Unlike Las Vegas, what happens in China does not stay in China. It is the world’s second largest economy, the top trading partner for a wide and growing range of countries around the planet and a rising military power with a reach beyond its immediate neighbors and waters. In early March 2018, China amended its constitution by an overwhelming vote in the National People’s Congress, to abolish a law that prohibits a president from serving beyond two-five year terms. President Xi Jinping can now remain in power for as long as he sees fit or until someone pushes him from office. Whatever the eventual outcome, Xi has changed the rules of the game and this has implications for the rest of the world, especially when it comes to trade relations with the United States.
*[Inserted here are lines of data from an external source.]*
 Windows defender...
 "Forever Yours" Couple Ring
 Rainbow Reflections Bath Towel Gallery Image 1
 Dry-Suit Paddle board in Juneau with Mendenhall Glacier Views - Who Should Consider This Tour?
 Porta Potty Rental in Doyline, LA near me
China's Emperor Has a Full Agenda
Since Xi become head of the Communist Party in 2012, he has aggressively purged party rivals, brought the military more under his control and made certain that the country’s big business leaders know who is in charge. In many regards, Xi has taken China back to where it was under Mao: power is narrowly concentrated, though with far less upheaval and brutality.
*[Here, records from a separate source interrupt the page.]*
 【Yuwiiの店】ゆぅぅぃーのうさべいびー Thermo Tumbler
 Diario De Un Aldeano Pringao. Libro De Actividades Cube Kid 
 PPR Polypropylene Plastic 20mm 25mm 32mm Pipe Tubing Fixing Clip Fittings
From Xi’s perspective there are good reasons to turn China into a one-man dictatorship. Only with unchecked power can he achieve his grand design of restructuring China and making it the world’s leading power. In this context, Xi now has more clout to deal with corruption, vested interests in the problematic state-owned enterprises (SOE) sector, local governments with heavy debt burdens and big business leaders who pursued aggressive overseas expansion (threatening to escape Beijing’s control). At the same time, China needs to overhaul its financial sector, deal with bad loans, shadow banks and onerous pension issues. And maintaining strong economic growth is essential to keeping the country’s citizens content and not thinking about political freedoms.
On the foreign policy front, Xi is better able to push his ambitious Belt and Road Initiative to link up markets across Eurasia and East Africa under Chinese auspices, further assert Chinese dominance in the South China Sea, and gain more influence in international organizations (especially as Washington pulls back). Xi may even be emboldened enough to try to achieve what the People’s Republic has long dreamed of—reuniting Taiwan with the mainland. President Xi will also be in a better position to deal with the United States over such issues as trade, North Korea (a complicated mutual concern) and the future direction of the international geopolitical order (preferably under Chinese guidance). Indeed, the chair of the foreign affairs committee of the National People’s Congress has stated that “the U.S.-led world order no longer fits.”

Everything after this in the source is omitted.